## TASK
Here the job is to transcribe the data exactly while omitting the images.

## SOURCE MATERIAL

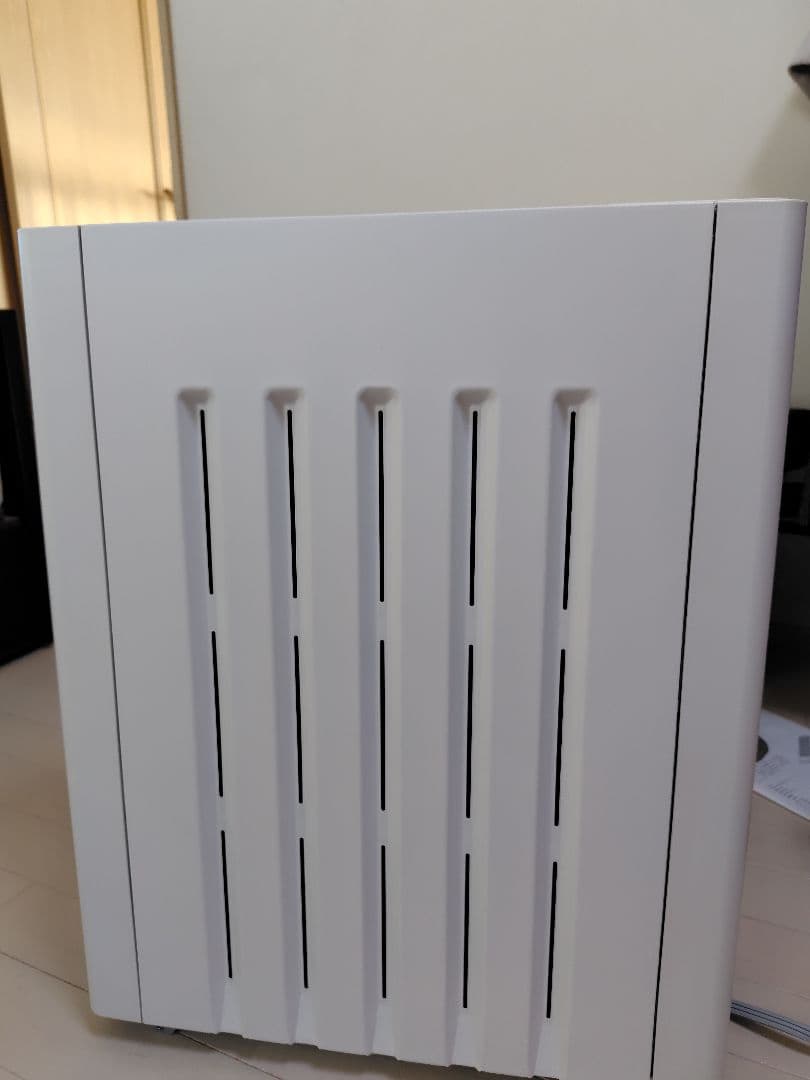 ユーレックス ヘリテイジヒーター EHT-M15QDS(WT) 2024年 美品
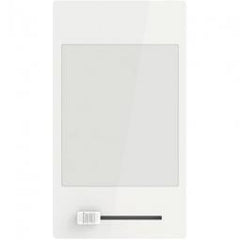 True Value 8950201 LED Night Light, Automatic Dimmer Switch, White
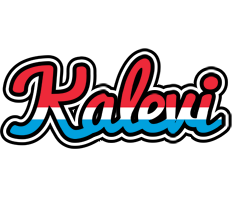 Kalevi norway logo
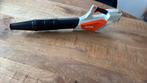 Stihl bladblazer, Ophalen of Verzenden, Zo goed als nieuw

## SOLUTION
 ユーレックス ヘリテイジヒーター EHT-M15QDS(WT) 2024年 美品
 True Value 8950201 LED Night Light, Automatic Dimmer Switch, White
 Kalevi norway logo
 Stihl bladblazer, Ophalen of Verzenden, Zo goed als nieuw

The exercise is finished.